Incredible diversity unlike anything else. A mix of napus kales that have been crossed with B. rapa. Napus leaf types vary through the color spectrum from brilliant red to green to white Russian types; from super frilly to broad-leafed shapes; from skinny, short stems to broad, thick stems; and multiple combinations thereof. Occasional rapa leaf types vary from turnip-leaf to something that looks like a cross between pak choi and napa cabbage, though we have been selecting away from these rapa variations. Originally bud pollinated by Tim Peters in Oregon to bypass species incompatibility mechanisms.
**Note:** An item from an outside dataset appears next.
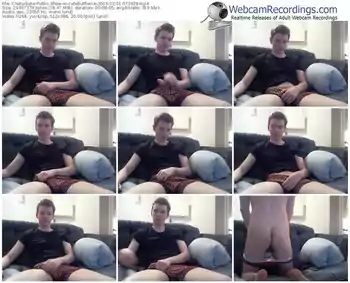 chaturbate-cutebutfierce-webcam-show-02_01_2016-07_26_28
Interestingly, individual plants seem to self-pollinate well making selection of new varieties from the mix easier. We have selected new varieties of kale out of this crazy population in collaboration with Lane Selman and chef Tim Wastell of the Culinary Breeding Network. North Star Polaris and Simone Broadleaf were developed through this collaboration and both have been released as Open Source Seed Initiative pledged varieties.
As required by the Oregon Department of Agriculture and the Washington Crucifer Quarantine, all Brassica family seed lots have been tested and found negative for blackleg (Phoma lingam) by an approved, certified lab.
Sow indoors with good potting soil February through September. Transplant about 3-4 weeks after sprouting. In our region, kale can grow through the winter without protection, and survives best when sown in June or early July for this purpose. Alternatively, direct sow March through September.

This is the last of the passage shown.